Lucy and Tony then arrive at an empty theater, where Tony dons a tuxedo and sings a medley of songs from the Leslie Bricusse-Anthony Newley show Stop the World - I Want to Get Off. Lucy follows him with a mime act and a song where she shows her appreciation of her London adventures.

==Production history==
Lucy in London came about as part of Lucille Ball's 1966-1967 contract renewal with CBS. At the time, she was producing and starring in The Lucy Show for the network. The agreement gave her the option to star in three specials that would be produced independent of her weekly program. Ball originally planned a production where she would co-star with Mitzi Gaynor as two nuns touring Europe, followed by a French-based production called Lucy in Paris and a Middle Eastern comedy called Lucy in Arabia. None of those projects gained footing, and instead Ball, through her company Desilu Productions and ITV franchisee ABC Weekend TV, opted to shoot Lucy in London. Impressed by his work, Ball hired Steve Binder to direct the special.

The concept for Lucy in London was set up in an episode of The Lucy Show called "Lucy Flies to London". Much of that episode, which involved Lucy’s unfamiliarity with air travel, was based on an unsold pilot written and shot in 1960.

However Lucy In London was not explicit in its connection to The Lucy Show. This would accommodate viewers who may not have seen The Lucy Show prior to the standalone special.

Laurence Olivier was signed to appear in Lucy in London, but withdrew from the production prior to shooting.

Ball went through 15 different wigs during the production.

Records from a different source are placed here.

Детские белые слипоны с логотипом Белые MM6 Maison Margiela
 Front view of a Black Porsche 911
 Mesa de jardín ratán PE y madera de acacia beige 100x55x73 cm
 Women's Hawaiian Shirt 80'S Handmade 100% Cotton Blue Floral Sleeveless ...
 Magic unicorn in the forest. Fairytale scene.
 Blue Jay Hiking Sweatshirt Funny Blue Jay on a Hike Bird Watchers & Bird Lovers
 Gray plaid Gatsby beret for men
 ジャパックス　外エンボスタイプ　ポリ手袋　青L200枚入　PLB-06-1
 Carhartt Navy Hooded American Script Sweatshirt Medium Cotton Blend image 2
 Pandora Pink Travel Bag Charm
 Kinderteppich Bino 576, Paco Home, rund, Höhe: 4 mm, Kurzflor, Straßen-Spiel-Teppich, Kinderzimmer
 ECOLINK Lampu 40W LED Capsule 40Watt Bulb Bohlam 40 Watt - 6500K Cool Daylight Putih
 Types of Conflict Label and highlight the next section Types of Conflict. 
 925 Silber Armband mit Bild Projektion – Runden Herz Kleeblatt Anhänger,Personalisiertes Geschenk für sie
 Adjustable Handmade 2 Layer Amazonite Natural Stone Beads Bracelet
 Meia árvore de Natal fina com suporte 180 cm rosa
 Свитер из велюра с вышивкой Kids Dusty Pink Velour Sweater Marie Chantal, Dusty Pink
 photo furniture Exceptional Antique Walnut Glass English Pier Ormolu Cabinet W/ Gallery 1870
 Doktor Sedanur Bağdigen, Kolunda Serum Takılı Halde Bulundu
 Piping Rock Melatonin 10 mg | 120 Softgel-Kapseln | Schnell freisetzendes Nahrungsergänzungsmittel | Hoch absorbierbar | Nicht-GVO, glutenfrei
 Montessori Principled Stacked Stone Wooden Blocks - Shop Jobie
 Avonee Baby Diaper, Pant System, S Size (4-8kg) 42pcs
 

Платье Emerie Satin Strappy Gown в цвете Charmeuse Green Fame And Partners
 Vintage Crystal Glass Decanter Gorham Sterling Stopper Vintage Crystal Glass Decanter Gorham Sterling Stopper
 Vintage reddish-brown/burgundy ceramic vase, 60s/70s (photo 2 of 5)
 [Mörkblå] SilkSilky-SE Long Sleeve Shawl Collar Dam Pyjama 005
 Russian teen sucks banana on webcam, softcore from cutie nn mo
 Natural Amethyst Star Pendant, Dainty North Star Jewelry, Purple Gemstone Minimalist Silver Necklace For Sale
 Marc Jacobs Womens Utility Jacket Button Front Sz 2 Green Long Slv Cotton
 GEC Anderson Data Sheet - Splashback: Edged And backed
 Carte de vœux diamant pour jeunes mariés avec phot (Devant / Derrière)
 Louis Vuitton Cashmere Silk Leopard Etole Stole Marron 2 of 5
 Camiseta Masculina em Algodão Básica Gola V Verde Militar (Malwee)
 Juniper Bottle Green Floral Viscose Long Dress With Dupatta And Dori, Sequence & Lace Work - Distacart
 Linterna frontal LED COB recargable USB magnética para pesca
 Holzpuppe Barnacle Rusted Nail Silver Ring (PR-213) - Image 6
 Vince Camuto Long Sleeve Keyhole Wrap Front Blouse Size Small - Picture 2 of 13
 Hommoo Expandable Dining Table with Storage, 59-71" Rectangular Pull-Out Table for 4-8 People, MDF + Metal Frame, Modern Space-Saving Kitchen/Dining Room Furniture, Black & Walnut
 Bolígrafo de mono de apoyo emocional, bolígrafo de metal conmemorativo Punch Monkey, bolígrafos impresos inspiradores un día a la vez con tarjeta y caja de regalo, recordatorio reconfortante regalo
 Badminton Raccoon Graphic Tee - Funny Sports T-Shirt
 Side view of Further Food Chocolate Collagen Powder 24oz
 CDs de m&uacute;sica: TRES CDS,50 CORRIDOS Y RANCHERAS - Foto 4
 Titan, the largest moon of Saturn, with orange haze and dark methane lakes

Cleo Smith, Ball's cousin and the executive in charge of this production, later recalled that problems arose in photographing the star on the London locations, where the use of heavy stage make-up and filtered lighting that was employed for her studio-based program could not be repeated. Ball's biographer Geoffrey Mark Fidelman would later remark that the actress "looked old" throughout the show due to difficulties in establishing flattering lighting for the outdoor sequences.

Lucy in London was broadcast on October 24, 1966, replacing both The Lucy Show and The Andy Griffith Show for that evening. Viewership was high for the special (finishing as the most-watched telecast of the week) but critical responses were very poor, with Variety complaining: "What had promised to be one of the season's major specials turned out to be a major disappointment." Ball opted not to pursue the creation of the remaining two specials in her contract and severed ties with director Steve Binder. (Ball did co-star in one other special earlier in 1966, Carol + 2, which starred Carol Burnett, had a much better reception and would be re-aired in 1967 to fill one of the spots of the two unproduced specials.)

Additionally, Ball had starred in a special in 1965, The Lucille Ball Comedy Hour with Bob Hope (that is not to be confused with her similarly-titled series of television specials with the cast of her prior show), although that special was not part of the contract that gave way to this production.

Lucy in London is included on the DVD release of The Lucy Show - The Official 5th Season.